Since having him [indicates baby], I’ve thought about the world that’s gonna outlive me. I’ve been reading all these science fiction dystopian novels, like Oryx and Crake, and there’s all this genetically modified organism stuff we’re flirting with now, and in the books that leads to chaos in individual and environmental health. And in all of these books New York, Boston, other big cities are underwater, people can’t go out in the middle of the day because it’s too hot — and they’re set not that far in the future … 80 years from now is probably beyond my scope, but he’ll still be alive, hopefully — and what are his kids gonna see? Kids put it in a longer frame. … [My husband] comes at it from a different political angle than I do, a sort of Libertarian direction. He has this survivalist edge. I put my foot down about having a gun in the house, but he’s got a water purification system, he bought gold, he bought seed starters — things he thinks will be good in these times of collapse. And I’m thinking, “Oh, the water purification system will be good for camping, the seed starters will be good for gardening.” But because of him I’ve started thinking, what would we do if there was this crazy collapse? I’ve sort of taken stock of: What would my skills be? We make beer and wine, we could trade those with people, and I’m not a big gardener but I know how to grow things. I grow tomatoes every year. Just thinking what things we could do to sustain or be part of some sort of localized trade.

Do you ever do stuff like that now? Like, do you ever trade the beer you brew?

I have done something like that.
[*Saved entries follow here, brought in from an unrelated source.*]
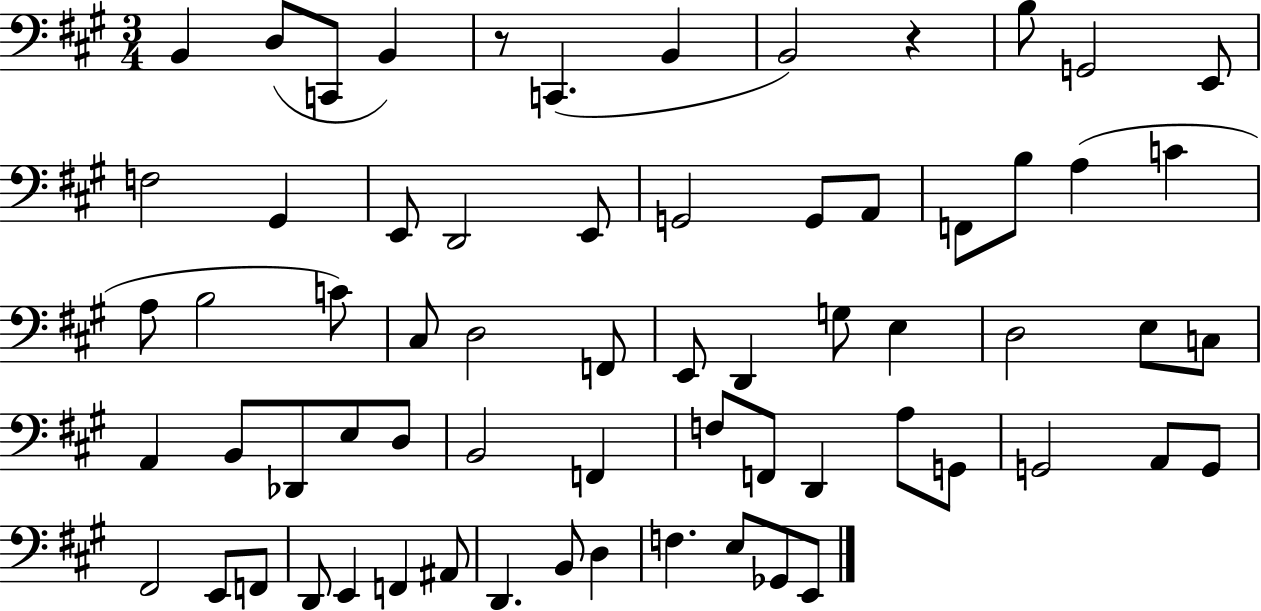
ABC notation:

X:1
T:Untitled
M:3/4
L:1/4
K:A
B,, D,/2 C,,/2 B,, z/2 C,, B,, B,,2 z B,/2 G,,2 E,,/2 F,2 ^G,, E,,/2 D,,2 E,,/2 G,,2 G,,/2 A,,/2 F,,/2 B,/2 A, C A,/2 B,2 C/2 ^C,/2 D,2 F,,/2 E,,/2 D,, G,/2 E, D,2 E,/2 C,/2 A,, B,,/2 _D,,/2 E,/2 D,/2 B,,2 F,, F,/2 F,,/2 D,, A,/2 G,,/2 G,,2 A,,/2 G,,/2 ^F,,2 E,,/2 F,,/2 D,,/2 E,, F,, ^A,,/2 D,, B,,/2 D, F, E,/2 _G,,/2 E,,/2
I baked a bunch of bread for someone I was taking laughter therapy classes with. And I’ve traded public speaking lessons for stuff, though I don’t know how much demand for that there’ll be in the dystopian future. And we’ve traded beer with a friend of ours who roasts coffee, not out of necessity but just like, “Hey, have some of this …” Being aware of the community around you, like, I’ll look out for my neighbor and if something’s awry, I’ll tell them so they can do the same for me.


Uncertainties about next year–a new city, a new job, housing. I’m anxious, but it’s exciting. I’m hoping to work in some kind of nonprofit context — my work with refugee communities here has been really important to me. Maybe a caseworker? 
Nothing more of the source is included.